Required work ▸
At the line with "ムーさん様 リクエスト 2点 まとめ商品", start transcribing; stop after the last line of the data below. Keep it exact and leave pictures out.

The data ▸
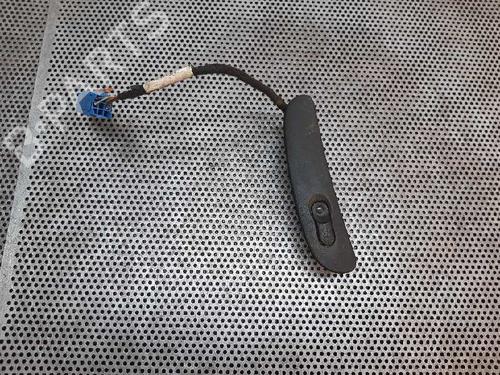 Used Right front window switch Right front window switch 4730451 4730451
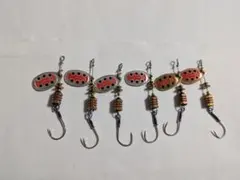 ムーさん様 リクエスト 2点 まとめ商品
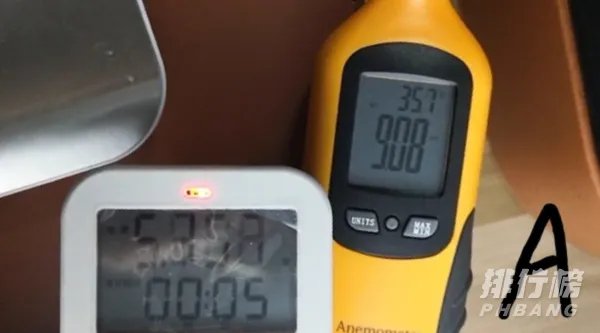 戴森美发造型器真假图对比_戴森美发造型器真假辨别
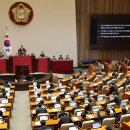 다수제 이미지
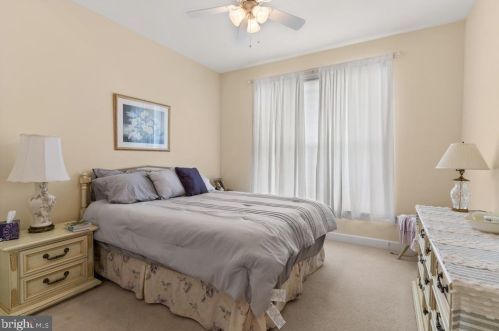 33715 Reservoir Dr, Lewes DE  19958-6863 exterior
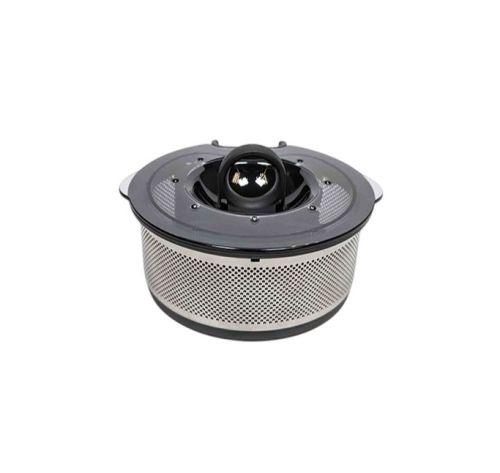 Breville SP0027798 Tea Maker Basket Assembly Ver A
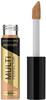 Max Factor Make-Up Gesicht Facefinity Multi Perfector Concealer Waterproof 004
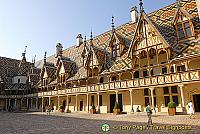 Beaune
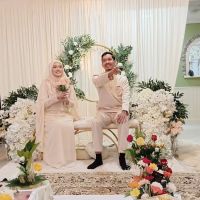 Menarek Garden House ico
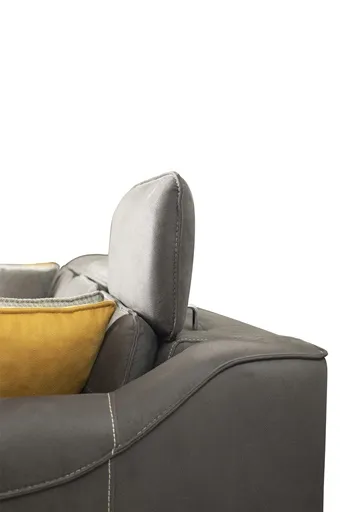 Smart Relax Köşe Takımı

Answer to this task ▸
 ムーさん様 リクエスト 2点 まとめ商品
 戴森美发造型器真假图对比_戴森美发造型器真假辨别
 다수제 이미지
 33715 Reservoir Dr, Lewes DE  19958-6863 exterior
 Breville SP0027798 Tea Maker Basket Assembly Ver A
 Max Factor Make-Up Gesicht Facefinity Multi Perfector Concealer Waterproof 004
 Beaune
 Menarek Garden House ico
 Smart Relax Köşe Takımı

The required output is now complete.